There are a number of problems with your post. The first is I can find no clear reason why what you posted should in any way be considered a response to the post you cite.
]Karen Armstrong in her “A History of God” makes the point that Jews are expected to follow the Law as presented in the Torah.
I never heard of her. Why should I listen to her?
There are 613 commandments (mitzvot) that Jews must follow to avoid sinning.
That is a number, but consider the number of laws and regulations we live under now: a lot more
Human nature being what it is, it is likely that no Jew can follow all 613 mitzvot.
Here your logic breaks: in the preceding, “it is likely” and you conclude from that via the 'therefore" that it must be so. This does not logically follow.
Therefore, Jews in general are sinners.
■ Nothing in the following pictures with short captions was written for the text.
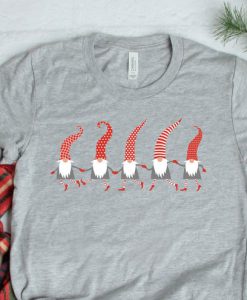 Christmas Gnome Shirt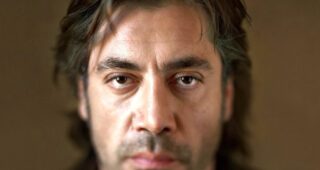 Javier Bardem : Photo Javier Bardem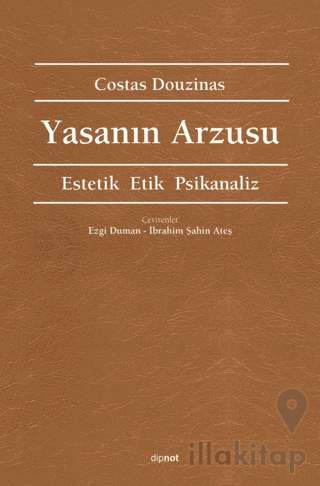 Yasanın Arzusu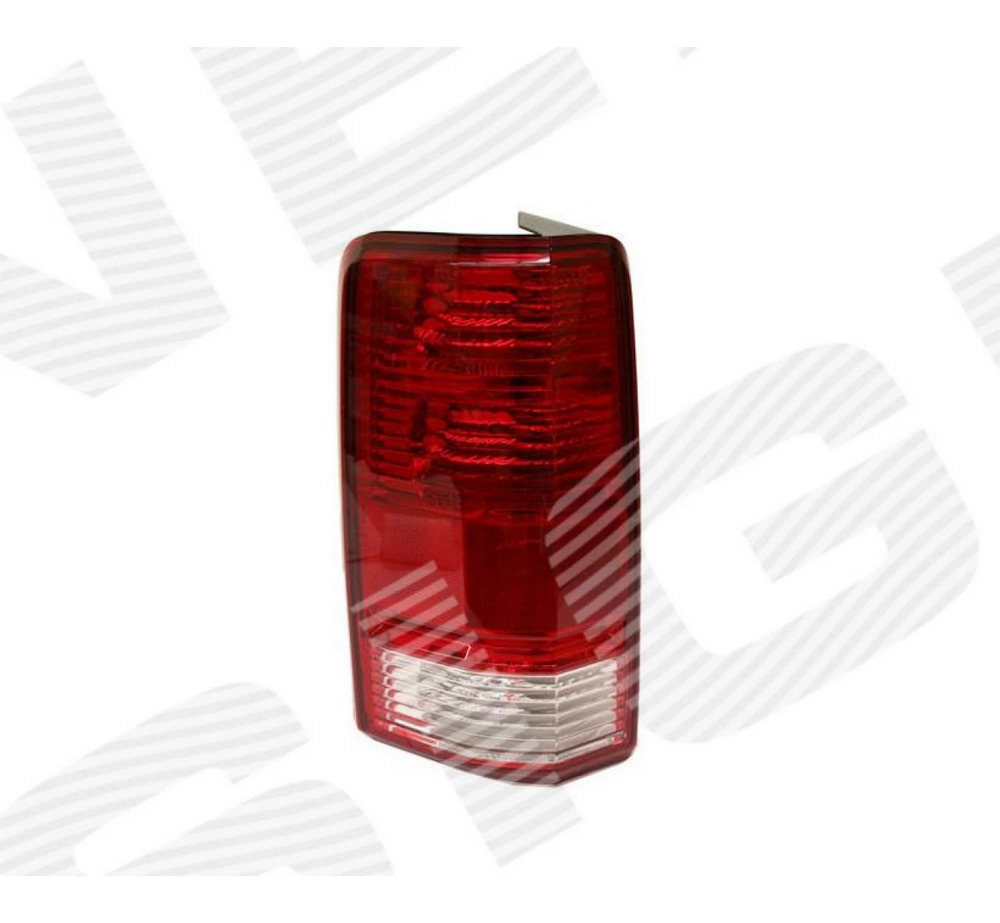 Задний фонарь для Dodge Nitro I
They are pardoned for their sins through the process of atonement.
In the days of Jesus, whose mother Mary was a Jew, the Laws of the Torah were in effect. Thus, Jesus and Mary must have been sinners just like the rest of the Jews.
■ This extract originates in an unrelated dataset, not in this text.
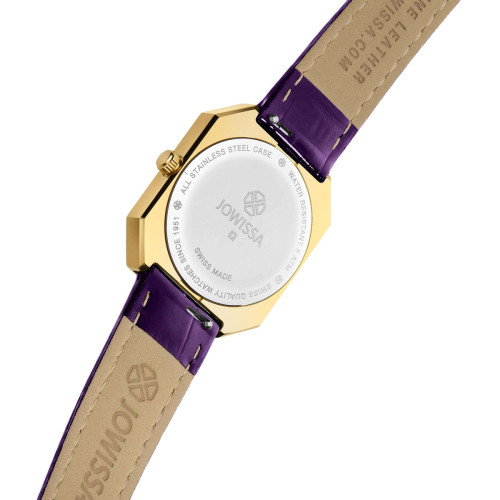 Luxoia - Jowissa Facet Radiant - J8.075.M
Here you have moved from your generality “Jews in general” to two Jews in particular. This is another logic break.
It is also clear that you seem unaware of the debate about this on the thread - and the unspoken assumption, based on Scripture and Church teaching, that neither was a sinner. Jesus as the spotless lamb of God, innocent of sin, who made peace with God through His blood, the Son of God without sin, is absolutely foundational to Christianity. How could you miss that and so blithely state that He is a sinner?